I’m a bit saddened sometimes when I hear people decry older recordings: oh, it’s monophonic, they say. Oh, those horrible old pre-hi-fi recordings, they say. Oh, it isn’t digital, they say. But the mind adjusts rapidly to its sonic environment. Not only do we make a quick and usually effortless conceptual leap when listening to, say, a monophonic recording from 1935, but we make that same leap even in regards to even the highest-tech and toniest modern digital recording. The plain fact is that recorded audio cannot match live music, so our mind is obliged to adapt. And it does: before long we’re just focused on the music, just as a black & white movie from 1935 can engage us in the story equally as well as the latest whiz-bang high-tech extravaganza from Hollywood or New Zealand. If the playing is compelling, we stop noticing whether it’s monophonic or stereo, analog or digital, old or new, full-frequency or limited to a range of 5000 some-odd hertz.

I freely admit to being addicted to recorded sound in almost all its forms. That doesn’t make me indiscriminate; a stereo system with a severe low-treble blare (as I was obliged to endure recently) is not going to give me the same pleasure as my own home system with its beautiful Bowers & Wilkins speakers and posh electronics. But recently I was captivated by a luminous performance of the slow movement of Mozart’s Jupiter symphony on that very stereo with the nasty low-treble blare; the playing spoke eloquently anyway. I enjoy LPs, especially heard on my lovely VPI turntable with Grado cartridge, and I enjoy 78s, even the ritual of jumping up every four minutes to change sides or discs. I’m keen on digital recordings and keep the bulk of my collection on a server, whence I can hear music in the living room or my home office or, really, just about anywhere I have access to my home network. High definition digital: bring it on. CDs: bring them on. I just enjoy it, period.

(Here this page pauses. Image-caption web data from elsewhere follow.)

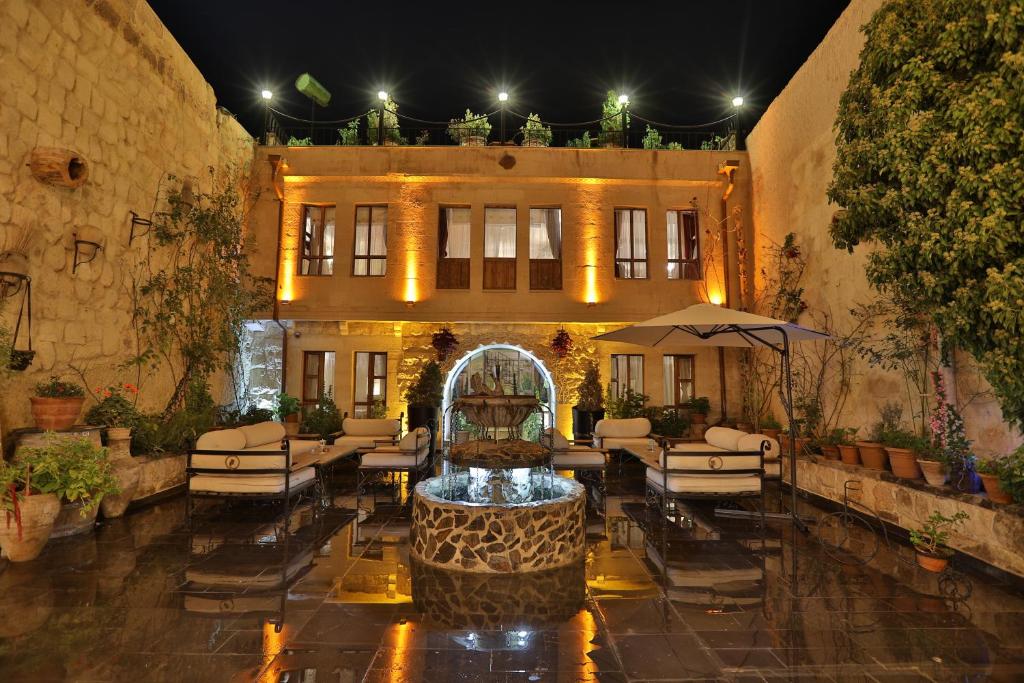 a courtyard with a fountain in front of a building at Aja Cappadocia Cave Hotel in Urgup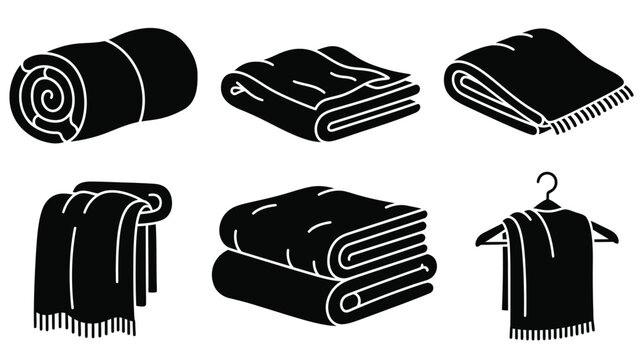 Folded towels and rolled blankets presented in a dark silhouette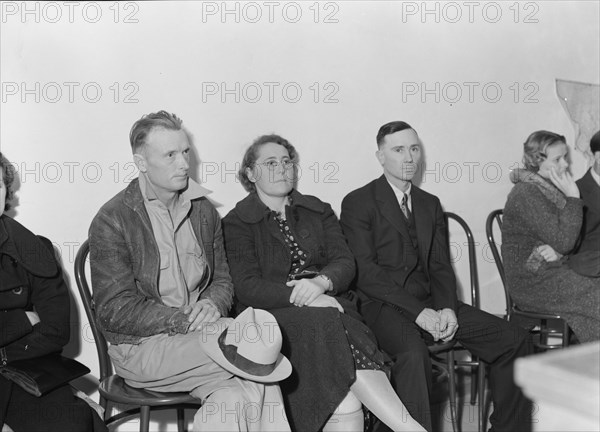 Night meeting in the FSA office, Tulare County, California, 1938. Creator: Dorothea Lange.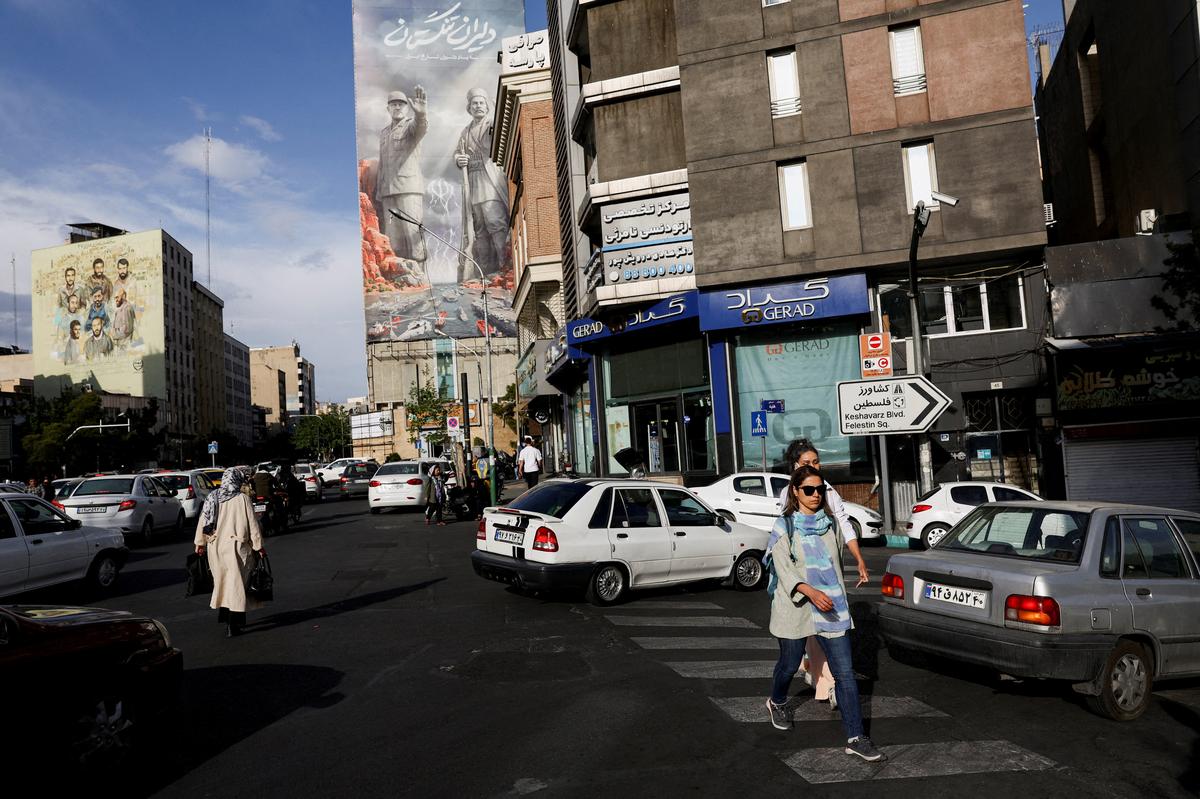 People walk past a billboard about the Strait of Hormuz in Tehran, Iran, on Sunday. Iran’s leaders are splashing propaganda posters across Tehran boasting of national unity and victory over a global superpower.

That enjoyment is tinged with gratitude. Just think of all that industry, all those dedicated people who made those recordings happen. The studios, the engineers, the performers, the distribution centers, even the record-pressing and CD-plating plants. All that time, that money, that hard work. Klemperer painfully perched on his stool, conducting mostly with his left hand given the near-immobility of his right arm; the Vienna Philharmonic collectively returning to the Sophiensaal after an exhausting all-day recording session and an evening full service at the Staatsoper, just to have another go at the Rheingold prelude—and utterly nailing it for posterity as a result; Pierre Monteux and the San Francisco Symphony fighting to stay alert at 3:00 AM, as the telephone lines that carried the microphone feed to Los Angeles could sustain an uncompromised signal only during such low-traffic times; Kathleen Ferrier valiantly carrying on with her last recordings even as cancer was destroying her body from within. Or it doesn’t have to be that dramatic: just all those people showing up, doing their best, and giving their all. Some were in it for the money, but many were inspired by a desire to leave at least part of their work to posterity.

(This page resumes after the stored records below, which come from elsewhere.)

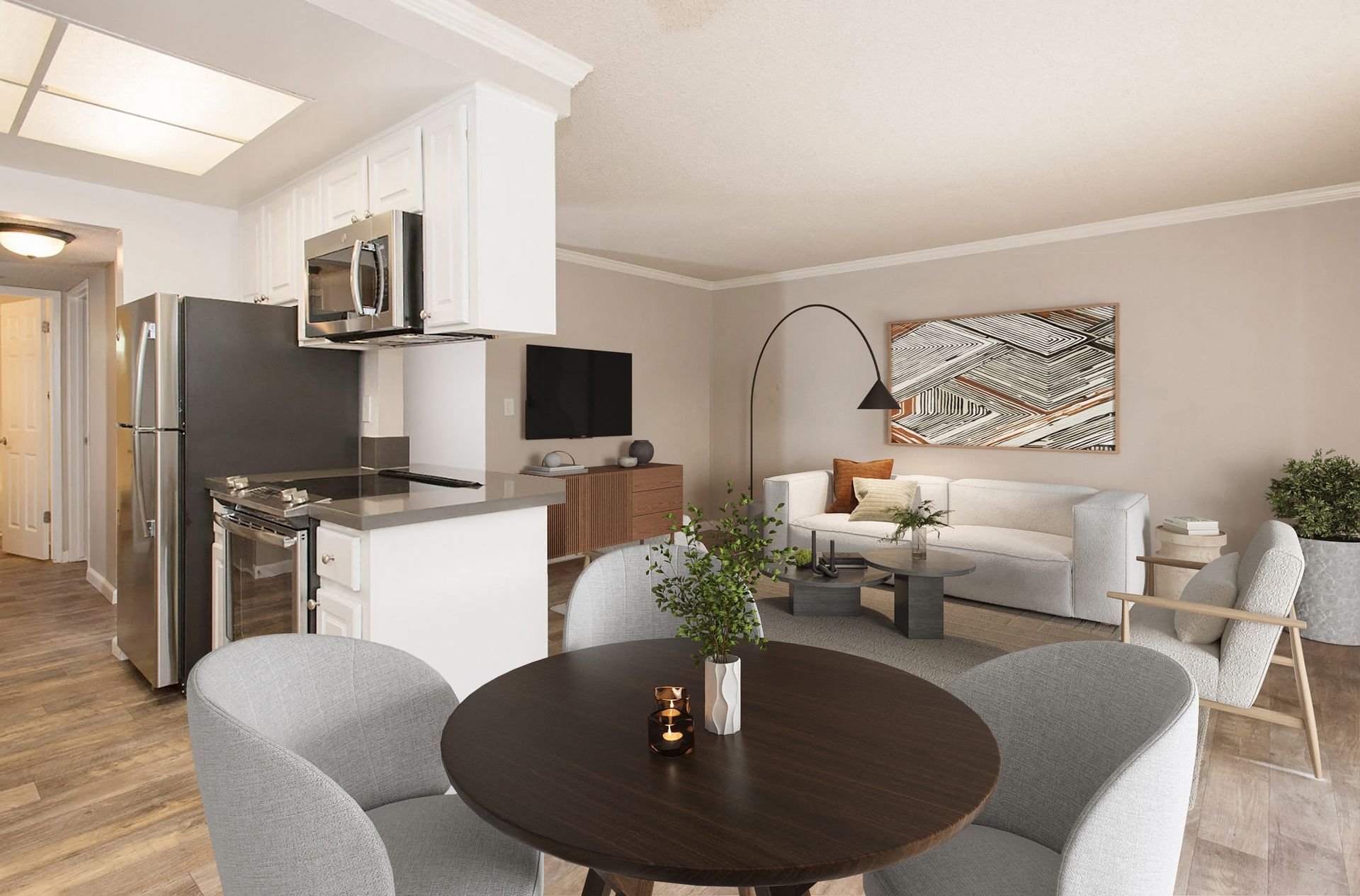 Open-concept living area with round dining table, gray chairs, and kitchen in the background at Valley Ridge Apartments.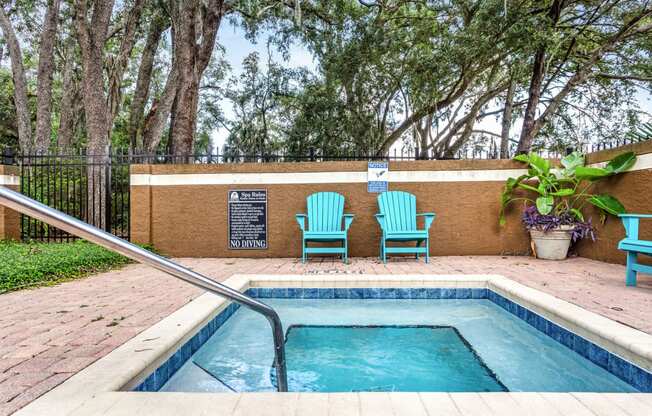 a swimming pool with two chairs and a hot tub in a yard with a fence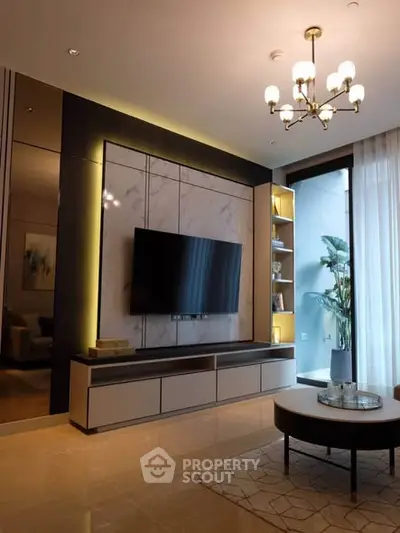 Luxurious living room with modern TV setup and elegant lighting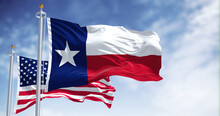 The Texas State Flag Waving Along With The National Flag Of The United States Of America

So I listen to Elly Ameling sing Brahms lieder with the most melting beauty imaginable; I listen to Klemperer conduct the Philharmonia, one year after I was born, in a simply glorious Beethoven 7th; I listen to Selmar Meyrowitz work witchcraft with a ragtag group of Parisian instrumentalists. I listen to Stravinsky bungle his way through a 1929 Sacre du Printemps or Michael Tilson Thomas and the San Francisco Symphony absolutely blow the root off in the late 1990s with the same piece; I hear Benjamin Britten conduct his own works; I listen to Toscanini and Iván Fischer and Claudio Arrau and Kirsten Flagstad and Georg Solti and all the rest. What a glorious gift it all is, wealth beyond imagination, effulgence beyond calculation, opulence beyond price. And all for a modest entrance fee…or even no fee at all. Our modern world has its share of problems—terrible ones at that—but this isn’t one of them.